**Listed records:**
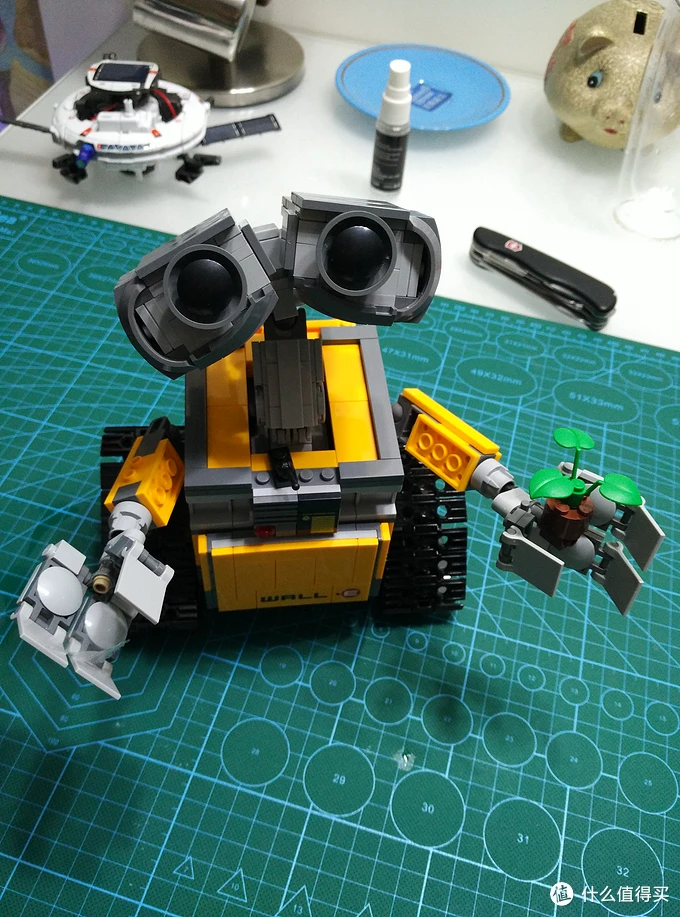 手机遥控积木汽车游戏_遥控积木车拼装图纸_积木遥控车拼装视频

...

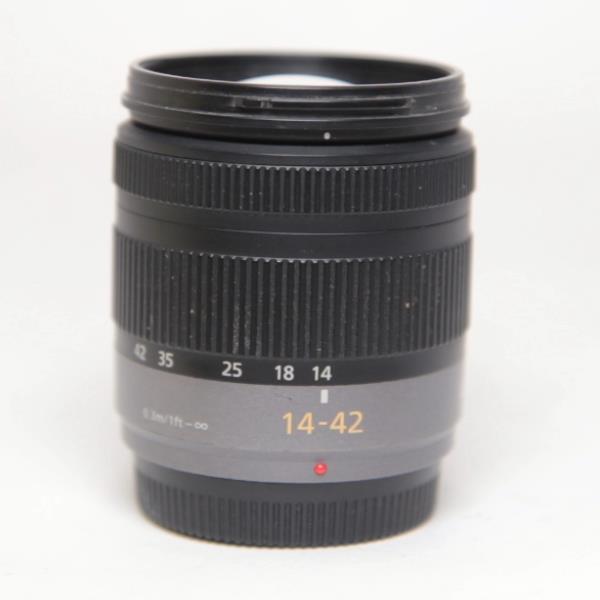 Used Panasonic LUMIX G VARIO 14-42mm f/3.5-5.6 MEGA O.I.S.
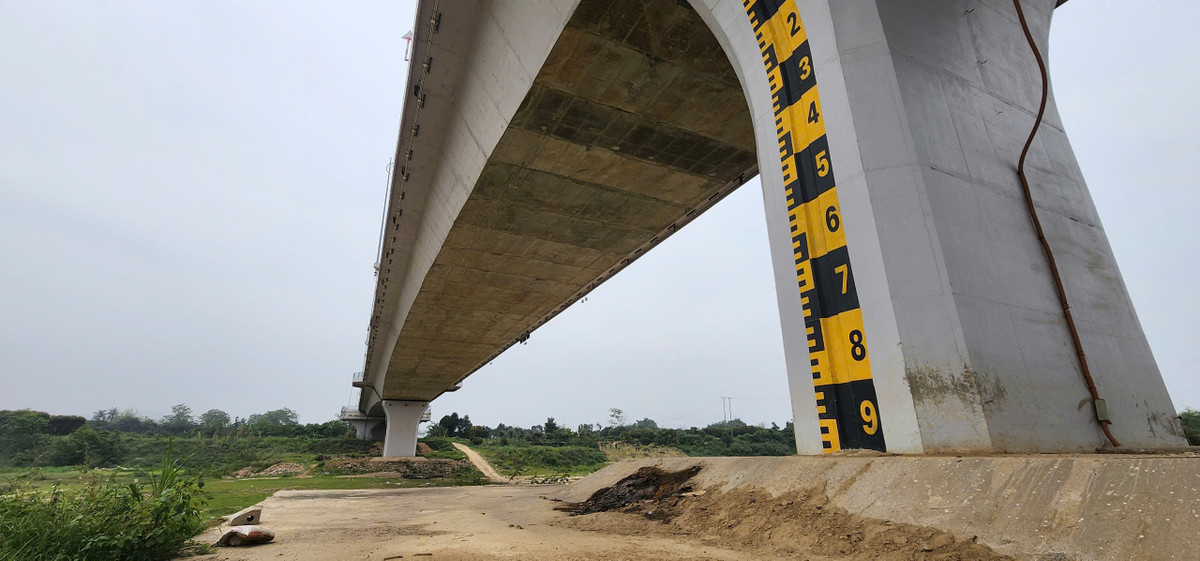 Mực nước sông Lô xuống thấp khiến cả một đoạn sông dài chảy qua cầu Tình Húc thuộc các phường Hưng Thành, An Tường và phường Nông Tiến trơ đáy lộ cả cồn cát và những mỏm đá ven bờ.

**Problem details:**
Write out again exactly the lines above from the one with "Used Panasonic LUMIX" through the one with "Mực nước sông", adding no other lines and no pictures.

**Solution to the exercise:**
 Used Panasonic LUMIX G VARIO 14-42mm f/3.5-5.6 MEGA O.I.S.
 Mực nước sông Lô xuống thấp khiến cả một đoạn sông dài chảy qua cầu Tình Húc thuộc các phường Hưng Thành, An Tường và phường Nông Tiến trơ đáy lộ cả cồn cát và những mỏm đá ven bờ.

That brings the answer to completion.